東福岡高校・小田逸稀くん、楽しみのほうがでかいです
【東福岡】プロ内定の主軸トリオが語り尽くす選手権への想い。連覇への秘策とは?
安藤隆人
2016年12月26日
「残りのひとつは絶対にウチが獲りたい」(小田)

左から、藤川、髙江、小田。東福岡が誇る主軸トリオは卒業後、J1クラブの門を叩く。写真:安藤隆人
昨年度はインターハイで2連覇を果たし、高校選手権優勝と、全国のタイトルを次々と獲得した。強烈なインパクトで高校サッカー界を席巻した“赤い彗星”、東福岡。

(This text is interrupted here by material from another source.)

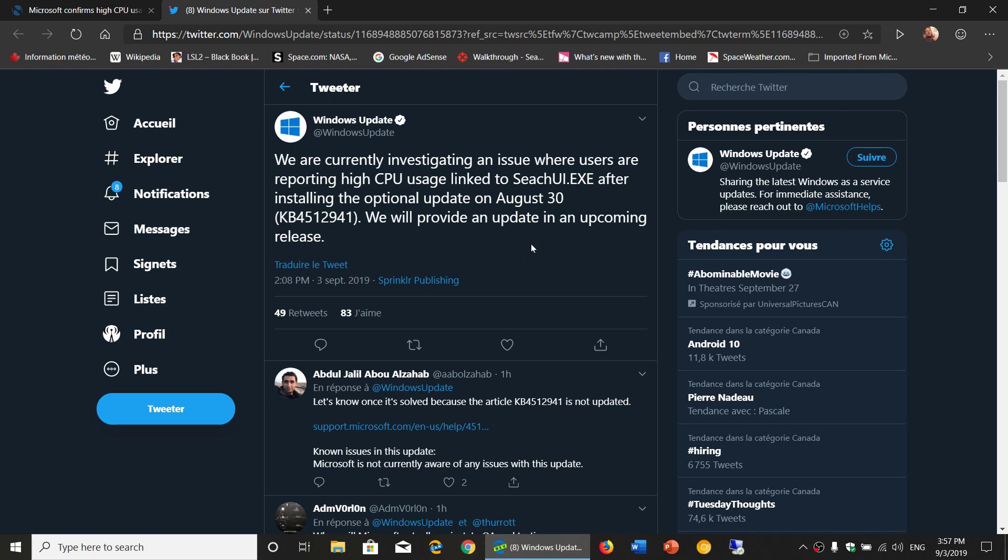It says, we are currently investigating an issue where users are reporting high CPU usage linked to searchui.exe after installing the optional update on August 30th, KB4512941. We will provide an update in an upcoming release.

今年も2冠メンバーが多く残り、全国トップレベルの力を有している。
3連覇が懸かった夏のインターハイこそ昌平に初戦で苦杯を舐めたが、高円宮杯プレミアリーグWESTでは4位に食い込み、3人のプロ内定選手が生み出すなど、開幕目前の選手権でも優勝候補筆頭に推すべき存在だ。
今回は、そのプロ入団内定トリオに集まってもらい、連覇を狙う選手権への意気込みを語ってもらった。MF藤川虎太朗(ジュビロ磐田入団内定)、髙江麗央(ガンバ大阪入団内定)、そしてDF小田逸稀(鹿島アントラーズ入団内定)。プロ挑戦への意気込みも訊く。

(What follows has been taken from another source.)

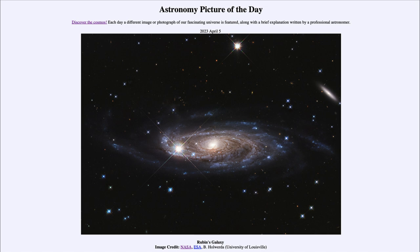That is apod.nasa.gov/apod, and today's picture for April 5th of 2023 is titled Rubens Galaxy. What do we see here? It may look like a typical spiral galaxy, with spiral arms swirling out from the center.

―――――――――――◆―――――――――◆――――――――――――
――いよいよ高校生活最後の選手権が迫ってきました。
藤川 東福岡から3人のプロが出て、注目されるなかですし、全国では自分たちが持っているものを最大限に出さないといけない。そこはプレッシャーがあります。
髙江 一人ひとりがチームのためにちゃんと戦えば、結果がついてくると思うので、まずはあまり意識しすぎず、チームのためを考えてプレーをしたいです。

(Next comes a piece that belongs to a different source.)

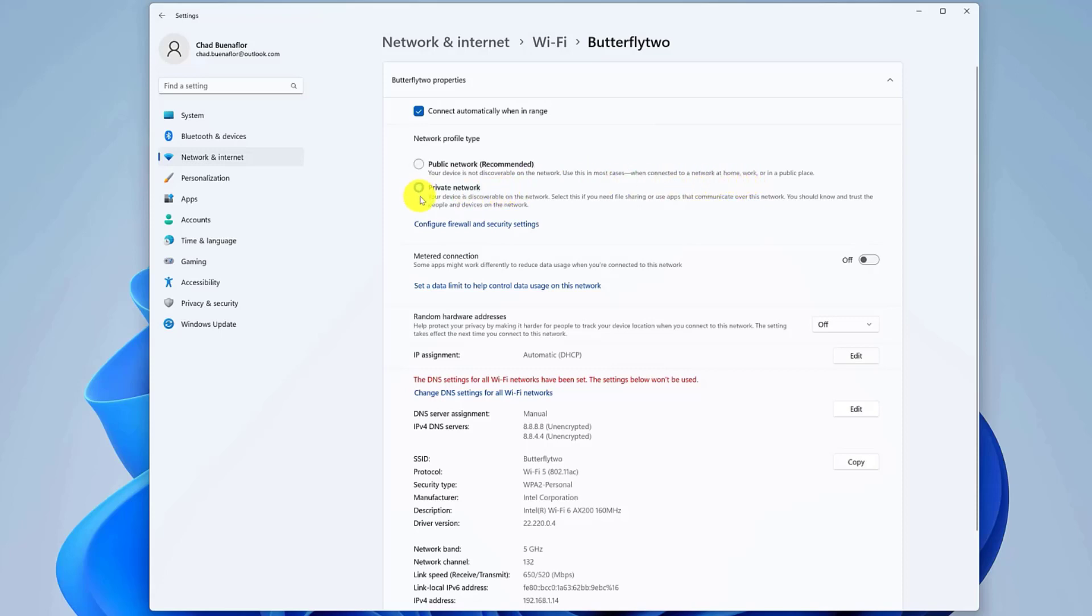Private, your device is discoverable in the local network. You would use this option to share files or other resources like printers over a trusted local area network.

小田 昨年優勝を経験して、もう一度日本一の景色を見たいし、この仲間と見たいと思っています。僕らはあくまでチャレンジャーなので、勇気を持ってやりたいです。
髙江 いまはもう選手権しか見えてないですね。
小田 今年のはじめは3冠を狙っていたのですが、インターハイは市立船橋が優勝して、高円宮杯チャンピオンシップは青森山田が獲った。なので、僕らはチャレンジャーなんです。この気持ちを持って、残りのひとつは絶対にウチが獲りたいと思ってます。
――高校3年間は早く感じましたか? 東福岡で過ごした日々はどのようなものだったのでしょう。
藤川 早かったですね。本当にいろんなことを経験させてもらいました。
小田 3年間で悔しい想いをたくさんしました。東福岡に来なかったらこの悔しさは味わえなかったと思います。1年の頃は選手権メンバーに残れず、昨年はインターハイと選手権で優秀選手に入れなかった。とくに昨年の選手権前は「優秀選手になって高校選抜に入る」のを目標のひとつにしていたので、本当に悔しかったですね。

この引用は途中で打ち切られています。